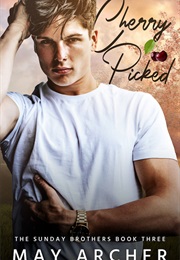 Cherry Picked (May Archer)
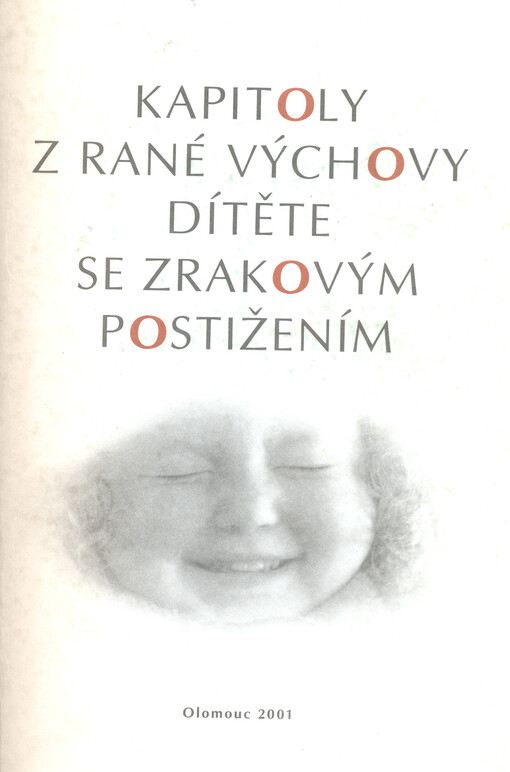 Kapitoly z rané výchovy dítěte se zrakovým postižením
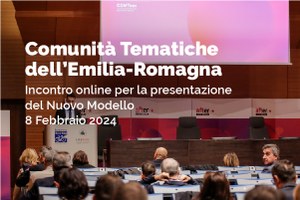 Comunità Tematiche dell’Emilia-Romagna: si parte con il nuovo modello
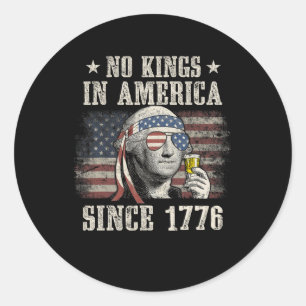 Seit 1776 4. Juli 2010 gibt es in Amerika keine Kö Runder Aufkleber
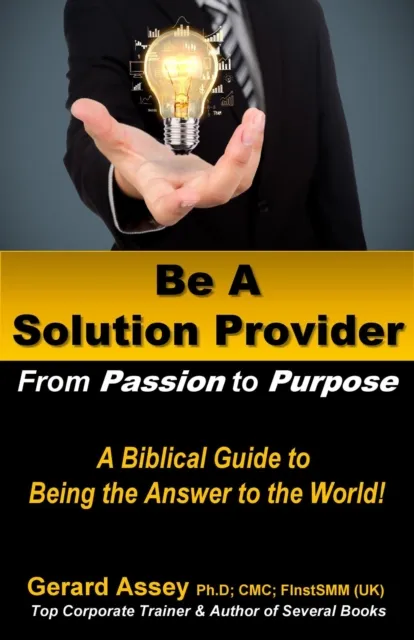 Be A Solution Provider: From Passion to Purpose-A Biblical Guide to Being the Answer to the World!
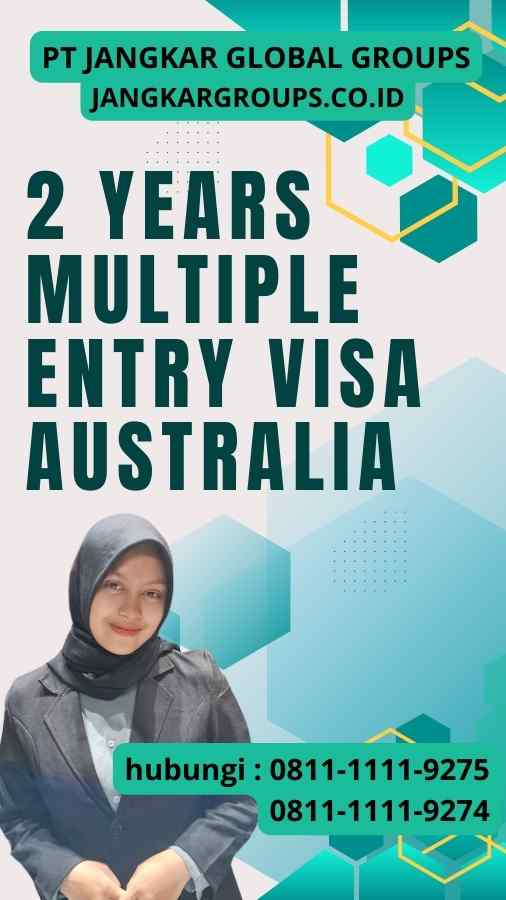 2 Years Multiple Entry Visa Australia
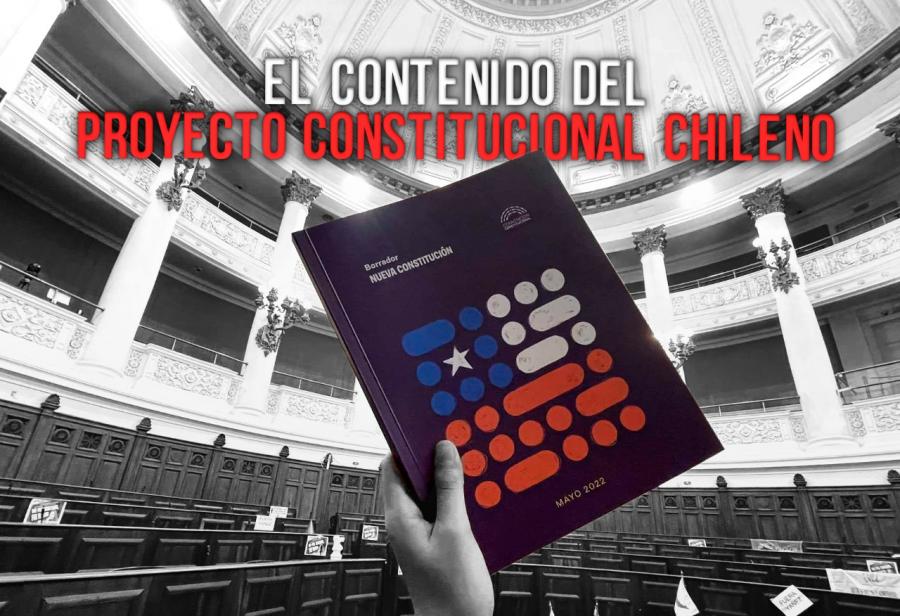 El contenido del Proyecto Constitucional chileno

-------------------------

#### [YOUR TASK]
Everything from the line with "Comunità Tematiche dell’Emilia-Romagna: si" through the last line above must be repeated exactly, except the pictures.

#### [RESPONSE AREA]
 Comunità Tematiche dell’Emilia-Romagna: si parte con il nuovo modello
 Seit 1776 4. Juli 2010 gibt es in Amerika keine Kö Runder Aufkleber
 Be A Solution Provider: From Passion to Purpose-A Biblical Guide to Being the Answer to the World!
 2 Years Multiple Entry Visa Australia
 El contenido del Proyecto Constitucional chileno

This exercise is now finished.